With the system fired up I took a quick shot of the system in the semi-dark room and the side panel off.
I then took rearranged the drive cages. I removed the top cage, and moved the bottom cage closer to the power supply. The white LED lighting is a real nice change of pace. Shame there isn’t a window; the white light really shows off the hardware well.
Looking from the outside in the dark the case has a nice glow to it. The screen dust filters cut down how much of the white light is getting out. Without the screens it would be way brighter, and with them it has a nice glow to it.

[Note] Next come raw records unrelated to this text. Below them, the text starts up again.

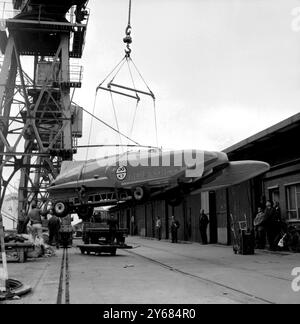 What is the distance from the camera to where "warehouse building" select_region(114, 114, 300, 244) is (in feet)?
51.2

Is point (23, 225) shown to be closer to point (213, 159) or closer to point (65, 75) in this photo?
point (213, 159)

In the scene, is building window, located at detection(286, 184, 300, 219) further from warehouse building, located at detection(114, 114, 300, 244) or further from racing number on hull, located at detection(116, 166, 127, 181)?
racing number on hull, located at detection(116, 166, 127, 181)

Keeping the white theme going the power and hard drive activity LEDs are white as well. Catching the hard drive LED at its brightest was difficult, but it is not any brighter than the power LED.

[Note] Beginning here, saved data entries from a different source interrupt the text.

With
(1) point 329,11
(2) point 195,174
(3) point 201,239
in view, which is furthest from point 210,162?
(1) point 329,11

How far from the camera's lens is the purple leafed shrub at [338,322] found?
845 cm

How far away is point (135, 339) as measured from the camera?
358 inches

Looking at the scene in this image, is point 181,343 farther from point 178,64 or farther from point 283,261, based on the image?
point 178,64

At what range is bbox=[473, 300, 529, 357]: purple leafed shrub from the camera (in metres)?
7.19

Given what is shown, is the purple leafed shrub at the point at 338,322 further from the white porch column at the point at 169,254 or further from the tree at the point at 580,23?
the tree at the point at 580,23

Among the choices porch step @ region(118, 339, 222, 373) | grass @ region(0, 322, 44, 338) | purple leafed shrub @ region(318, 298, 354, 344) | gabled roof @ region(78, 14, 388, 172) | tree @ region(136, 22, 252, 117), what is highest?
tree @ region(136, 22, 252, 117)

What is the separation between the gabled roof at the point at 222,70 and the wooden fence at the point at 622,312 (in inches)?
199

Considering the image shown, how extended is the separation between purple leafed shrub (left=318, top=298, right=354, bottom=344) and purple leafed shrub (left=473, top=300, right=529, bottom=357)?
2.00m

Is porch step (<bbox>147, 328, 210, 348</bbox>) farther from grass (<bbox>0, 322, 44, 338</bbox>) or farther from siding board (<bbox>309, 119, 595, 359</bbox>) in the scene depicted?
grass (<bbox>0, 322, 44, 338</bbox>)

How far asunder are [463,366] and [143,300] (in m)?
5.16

Final Thoughts and Conclusion
Corsair says right on the box for the Graphite 600T, “Brilliant design, inside and out” and I pretty much have to agree. I’m looking at the Graphite 600T like it is the Obsidian 700D and 800D's sexy sister in the little black dress and curves in all the right places. It just looks great, tons of room and super easy to work with. The paint and finish of the Graphite 600T has a great look to it, and it resisted finger prints rather well. Also being able to lift and maneuver the Graphite 600T by the lips on the front and rear bezels is nice. It’s a natural grabbing point and the bezels are strong so no worries of ripping one off the chassis. The configurable drive cages are nice as they allow the end user to arrange the inside as they need or remove unnecessary weight. I think the water cooling crowd may like the classy looks and ample room of the Graphite 600T as well. In removing one of the hard drive cages and moving the lower cage back, that opens up the whole front of the case for a radiator and pump. It might take a little work, but it can be done. The side panels are very simple and easy to take on and off. The paddle latches feel solid and work smoothly. If on some chance one does get broken they look to be easily replaceable. The lack of a window may be a down side to some, but the overall look without one is very nice. With the side panel being clear both inside and out, putting in a window shouldn’t be hard. The fans for the Graphite 600T are very quiet and feel like they are moving a fair amount of air. The white LED was a nice change up from the norm of the red/blue LED fans that most cases are sporting these days. The 4 port fan controller was also a nice touch. I was able to wire all the case fans and the CPU cooler fans to the controller. Having the whole case wired to one knob was convenient; as cooling needs changed I just reached over and turned the knob. Only thing they could have added to it was the ability to turn the LEDs off, because there are sometimes the end user may want to have the system on, but lights off.
Like the Obsidian 700D and 800D the Graphite 600T cable management is extremely easy. The ample space behind the tray was enough to hide all the extra wires from my non-modular power supply. The grommets for the wire routing holes stayed in place and I never had one pull away from the motherboard tray. I cannot say I truly like the way the USB3 cable is routed, but there isn’t much room at the top of the case for a hole to run it through. The issue with the bottom panel was a little concerning, but the rest of the case is real solid. The bottom panel is a little on the thin side and has a fair amount of holes in it for the drive cage locations and the forward PSU support. I also did not notice it until I moved the PSU support back to match my short body PSU. With a long body PSU this may not happen. Unless you find yourself obsessively pushing on the bottom panel just in front of the PSU then you may never notice it. Overall Corsair's new Graphite series 600T could give some full towers a run for their money. Coming in at $160 plus shipping the Graphite 600T could be a very nice option for those that don’t care for the overly aggressive look of cases like the Cooler Master HAF series or the block like styling from Corsair's own Obsidian series.
Legit Bottom Line: Corsair's new Graphite series is a off to a great start with the Graphite 600T; for $160 you get a classy mid-tower with the room and features of a full tower.